La plateforme « Vie scolaire » constitue pourtant l’un des principaux nouveaux outils numériques du ministère pour la rentrée 2026-2027. Le ministère l’a officiellement présentée en août comme un portail destiné à regrouper plusieurs services liés à la vie scolaire.
Le syndicat cite plusieurs opérations qui seraient affectées par des difficultés : inscription des élèves, mutations, affectation automatique et distribution pédagogique, ainsi que la gestion des emplois du temps. Ces problèmes, selon la fédération, pourraient compliquer le travail des personnels administratifs et des enseignants à l’approche de la rentrée.
Il convient toutefois de noter qu’à ce stade, aucune communication publique du ministère ne confirme l’ampleur ou l’étendue de ces difficultés. Le ministère continue pour sa part de présenter la plateforme comme un outil central de la numérisation des services scolaires.
Un appel au boycott avant la rentrée
Face à cette situation, la Fédération générale de l’enseignement secondaire demande à ses adhérents et aux personnels concernés de ne pas utiliser la plateforme jusqu’à la résolution des problèmes qu’elle dénonce et à la réunion des conditions qu’elle considère nécessaires à son fonctionnement.
La fédération estime que les établissements ne doivent pas supporter les conséquences de difficultés techniques liées à un système dont ils ne maîtrisent pas la conception. Elle met également en avant les difficultés déjà rencontrées par les établissements en matière de ressources humaines, d’équipements et d’infrastructures.
La question est désormais de savoir si cet appel aura des conséquences concrètes sur la préparation de la rentrée, prévue les 14 et 15 septembre 2026 selon les catégories d’élèves.
L’enjeu concerne notamment les opérations administratives qui doivent être finalisées avant l’arrivée des élèves : affectations, répartition des classes, emplois du temps et autres données nécessaires au fonctionnement des établissements.
Pour l’heure, aucun blocage généralisé n’est établi. Le risque évoqué par le syndicat reste donc à mesurer au niveau des établissements et des différentes opérations concernées.

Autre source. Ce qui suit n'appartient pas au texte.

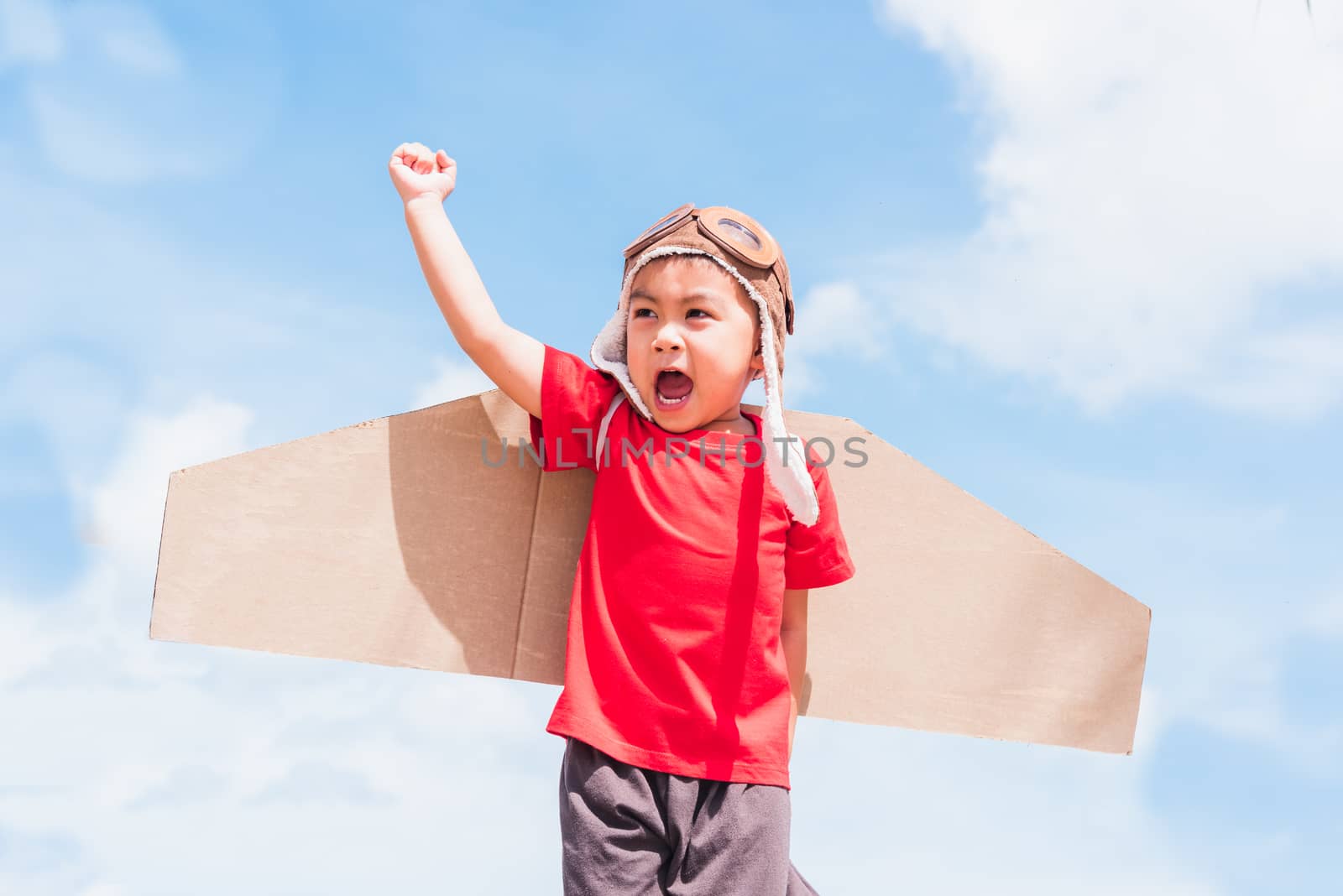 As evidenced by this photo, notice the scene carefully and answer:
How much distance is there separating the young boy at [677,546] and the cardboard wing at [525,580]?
160mm

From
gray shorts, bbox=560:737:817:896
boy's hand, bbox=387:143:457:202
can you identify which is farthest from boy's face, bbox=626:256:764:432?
gray shorts, bbox=560:737:817:896

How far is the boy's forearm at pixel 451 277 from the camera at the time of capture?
2117 millimetres

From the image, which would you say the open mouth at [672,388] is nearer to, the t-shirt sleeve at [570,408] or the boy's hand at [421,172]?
the t-shirt sleeve at [570,408]

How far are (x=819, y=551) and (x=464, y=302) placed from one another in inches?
29.6

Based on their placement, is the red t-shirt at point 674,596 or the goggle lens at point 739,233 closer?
the red t-shirt at point 674,596

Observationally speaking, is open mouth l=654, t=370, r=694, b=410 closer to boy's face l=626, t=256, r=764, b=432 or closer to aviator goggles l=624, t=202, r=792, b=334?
boy's face l=626, t=256, r=764, b=432

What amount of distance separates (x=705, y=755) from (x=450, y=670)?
1.85 ft

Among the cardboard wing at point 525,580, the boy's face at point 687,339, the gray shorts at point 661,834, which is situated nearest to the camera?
the gray shorts at point 661,834

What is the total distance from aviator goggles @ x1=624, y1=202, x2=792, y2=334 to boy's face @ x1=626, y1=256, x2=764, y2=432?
5 cm

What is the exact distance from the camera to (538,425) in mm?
2197

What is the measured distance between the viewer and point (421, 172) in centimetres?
224

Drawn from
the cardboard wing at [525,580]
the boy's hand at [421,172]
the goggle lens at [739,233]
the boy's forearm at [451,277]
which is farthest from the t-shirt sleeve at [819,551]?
the boy's hand at [421,172]

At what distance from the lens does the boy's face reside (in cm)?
209

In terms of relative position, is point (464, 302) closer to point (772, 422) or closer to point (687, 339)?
point (687, 339) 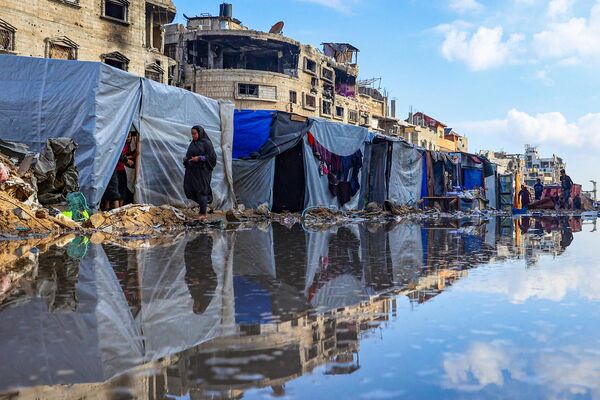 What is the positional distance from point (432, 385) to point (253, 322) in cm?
101

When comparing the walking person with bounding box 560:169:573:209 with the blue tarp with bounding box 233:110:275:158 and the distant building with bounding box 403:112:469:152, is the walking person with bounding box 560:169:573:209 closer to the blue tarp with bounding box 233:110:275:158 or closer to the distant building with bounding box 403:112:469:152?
the blue tarp with bounding box 233:110:275:158

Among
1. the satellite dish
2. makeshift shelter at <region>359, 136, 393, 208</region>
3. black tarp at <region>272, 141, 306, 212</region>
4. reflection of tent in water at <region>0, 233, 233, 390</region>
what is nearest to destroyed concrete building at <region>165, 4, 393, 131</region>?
the satellite dish

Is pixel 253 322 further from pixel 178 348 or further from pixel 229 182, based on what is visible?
pixel 229 182

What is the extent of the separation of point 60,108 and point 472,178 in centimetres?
1829

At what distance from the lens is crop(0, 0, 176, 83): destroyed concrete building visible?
2094cm

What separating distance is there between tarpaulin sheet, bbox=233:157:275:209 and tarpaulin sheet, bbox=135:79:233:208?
1.25 meters

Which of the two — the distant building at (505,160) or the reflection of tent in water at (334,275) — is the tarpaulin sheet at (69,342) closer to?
the reflection of tent in water at (334,275)

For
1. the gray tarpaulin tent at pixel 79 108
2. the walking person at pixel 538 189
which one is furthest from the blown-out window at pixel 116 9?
the walking person at pixel 538 189

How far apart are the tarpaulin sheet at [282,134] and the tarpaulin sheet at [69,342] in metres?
9.82

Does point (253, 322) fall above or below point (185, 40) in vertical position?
below

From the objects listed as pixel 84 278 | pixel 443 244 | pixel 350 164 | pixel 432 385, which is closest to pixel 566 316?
pixel 432 385

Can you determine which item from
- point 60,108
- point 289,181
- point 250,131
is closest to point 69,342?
point 60,108

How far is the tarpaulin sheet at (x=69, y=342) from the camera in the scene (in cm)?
185

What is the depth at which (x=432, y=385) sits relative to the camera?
1.78m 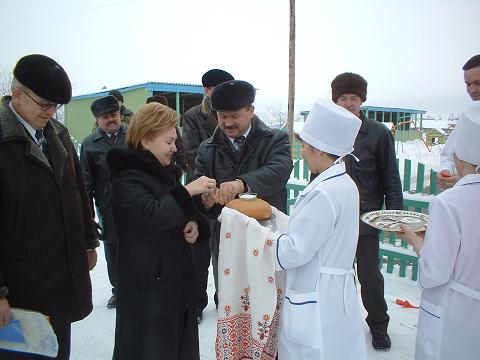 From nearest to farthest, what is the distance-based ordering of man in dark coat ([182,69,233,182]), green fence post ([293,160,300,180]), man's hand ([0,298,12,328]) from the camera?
man's hand ([0,298,12,328]) < man in dark coat ([182,69,233,182]) < green fence post ([293,160,300,180])

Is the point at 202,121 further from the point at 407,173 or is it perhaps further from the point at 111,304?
the point at 407,173

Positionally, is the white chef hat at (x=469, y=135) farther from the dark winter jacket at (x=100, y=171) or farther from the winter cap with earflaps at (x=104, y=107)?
the winter cap with earflaps at (x=104, y=107)

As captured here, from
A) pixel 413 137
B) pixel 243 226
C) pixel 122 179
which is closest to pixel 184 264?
pixel 243 226

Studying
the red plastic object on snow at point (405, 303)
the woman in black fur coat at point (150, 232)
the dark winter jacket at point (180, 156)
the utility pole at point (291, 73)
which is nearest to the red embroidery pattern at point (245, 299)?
the woman in black fur coat at point (150, 232)

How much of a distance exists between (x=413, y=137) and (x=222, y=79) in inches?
1181

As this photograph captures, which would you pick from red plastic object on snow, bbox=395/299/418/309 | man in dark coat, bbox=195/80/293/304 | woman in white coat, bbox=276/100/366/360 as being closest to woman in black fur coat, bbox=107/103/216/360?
man in dark coat, bbox=195/80/293/304

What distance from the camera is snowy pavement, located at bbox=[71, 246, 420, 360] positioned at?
322 centimetres

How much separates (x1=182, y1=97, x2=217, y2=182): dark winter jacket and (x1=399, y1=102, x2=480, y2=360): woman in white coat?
2.59 m

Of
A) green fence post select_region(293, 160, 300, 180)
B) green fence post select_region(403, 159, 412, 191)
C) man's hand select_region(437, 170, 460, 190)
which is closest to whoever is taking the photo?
man's hand select_region(437, 170, 460, 190)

1,89 million d’élèves inscrits
Cette contestation intervient alors que l’utilisation de « Vie scolaire » s’est progressivement généralisée au cours des dernières semaines. Webdo avait déjà consacré plusieurs articles à la plateforme, notamment à l’inscription en ligne et à l’espace destiné aux enseignants.
En attendant, à une semaine de la rentrée scolaire, 1,89 million d’élèves, soit 90% des élèves concernés, sont désormais inscrits sur la plateforme « Vie scolaire ». En trois jours, près de 199.000 nouvelles inscriptions ont ainsi été enregistrées, alors que la rentrée scolaire est fixée au 15 septembre 2026.
La procédure commence par la création d’un compte sur la plateforme, puis par l’identification de l’élève concerné. Le paiement des frais peut ensuite être effectué à distance à travers plusieurs moyens électroniques.